Cite as: 504 U. S. 191 (1992)
Stevens, J., dissenting
IV
Ours is a Nation rich with traditions. Those traditions sometimes support, and sometimes are superseded by, constitutional rules. By tradition, for example, Presidential campaigns end on election eve; yet Congress certainly could not enforce that tradition by enacting a law proscribing campaigning on election day. At one time as well, bans on election-day editorial endorsements were traditional in some States,6 but Mills v. Alabama, 384 U. S. 214 (1966), established that such bans are incompatible with the First Amendment.
In Mills, we set aside the conviction of a newspaper editor who violated such a ban. In doing so, we declined to accept the State's analogy between the electoral process and the judicial process, and its claim that the State could, on election day, insulate voters from political sentiments and ideas much the same way as a jury is sequestered.7 We squarely rejected the State's claim that its ban was justified by the need to protect the public " 'from confusive last-minute charges and countercharges and the distribution of propaganda in an effort to influence voters on an election day.' " Id., at 219 (quoting State v. Mills, 278 Ala. 188, 195-196, 176 So. 2d 884, 890 (1965)).

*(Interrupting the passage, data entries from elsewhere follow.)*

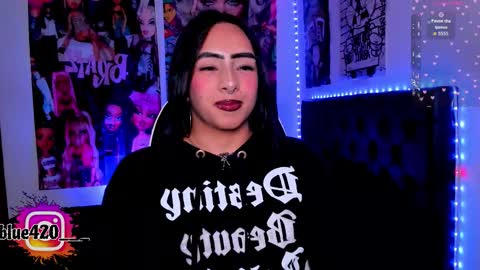 blue online show from 02.09.26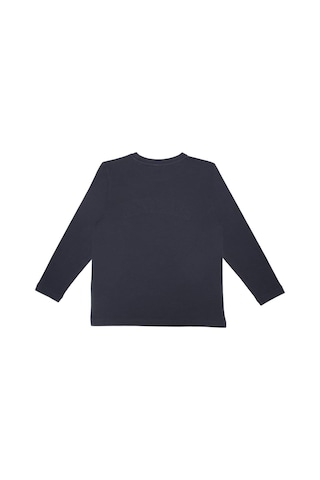 United Colors Of Benetton Benetton Erkek Çocuk T-shirt - Ekru Bnt-b21639 Ekru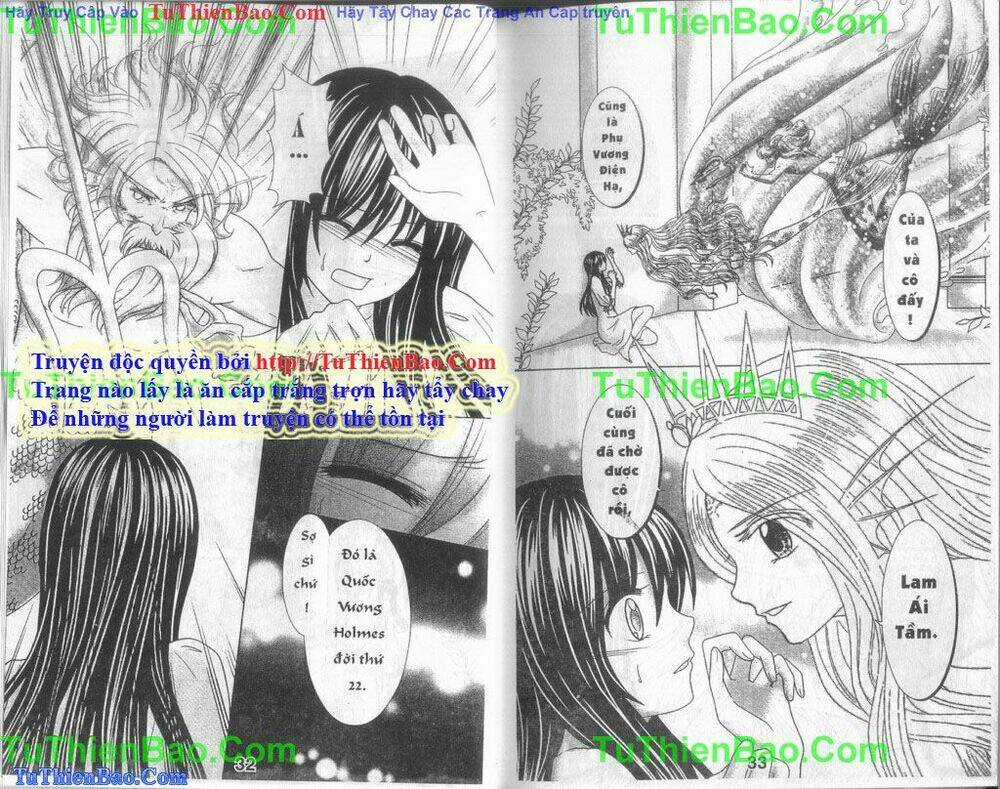 Công chúa người cá - Chapter 6 - Trang 18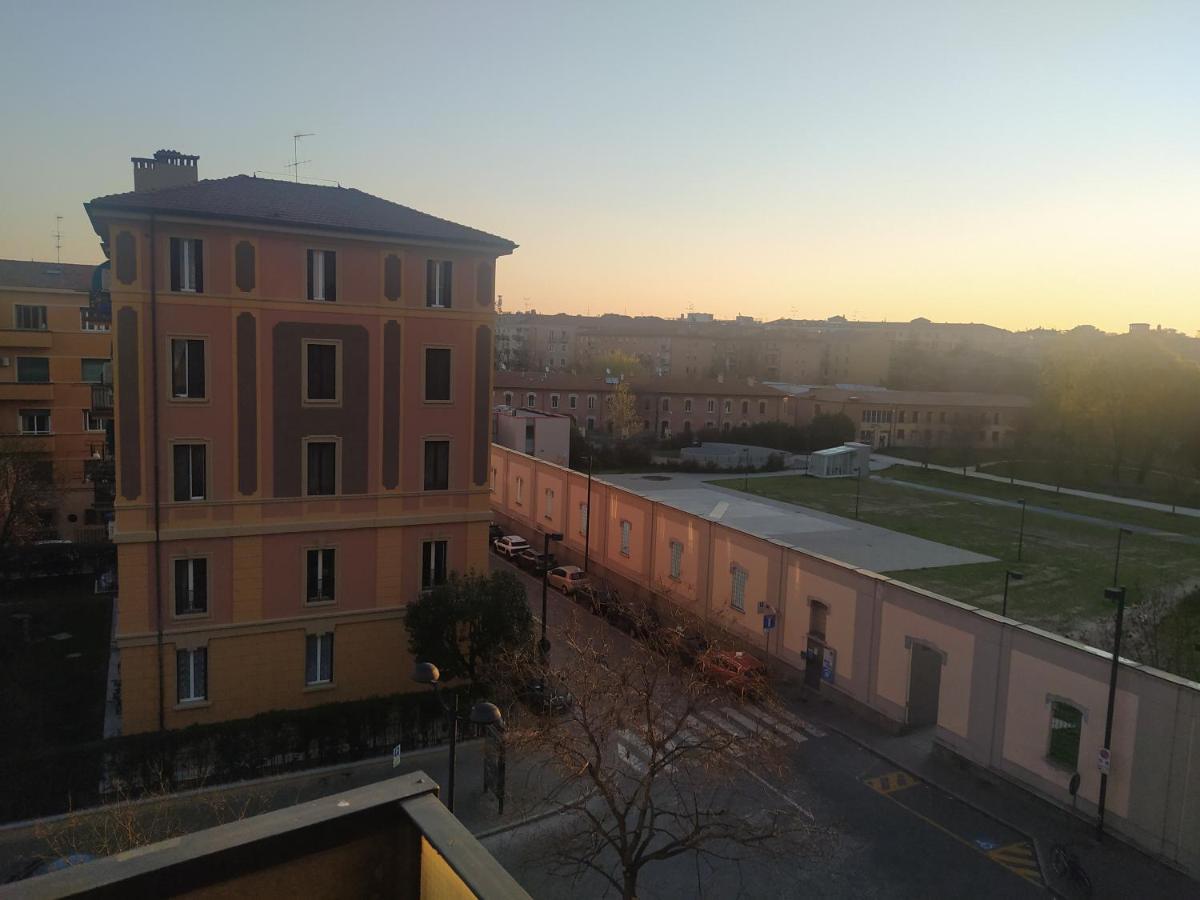 B&B Markone Bologna Center Exteriör bild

To the contrary, we recognized that it is precisely on election day that advocacy and campaigning "can be most effective." Mills, 384 U. S., at 219. Mills stands for the simple proposition that, tradition notwithstanding, the State does not have a legitimate interest in insulating voters from election-day campaigning. Thus, in
6 See, e. g., 1913 Mont. Laws § 34, pp. 590, 607; 1911 N. D. Laws, ch. 129, § 16, pp. 210, 214; 1909 Ore. Laws, ch. 3, § 34, pp. 15, 29.
7 "The idea behind [the ban on endorsements] was to prevent the voters from being subjected to unfair pressure and 'brainwashing' on the day when their minds should remain clear and untrammeled by such influences, just as this court is insulated against further partisan advocacy once these arguments are submitted." Brief for Appellee, O. T. 1965, No. 597, p. 9.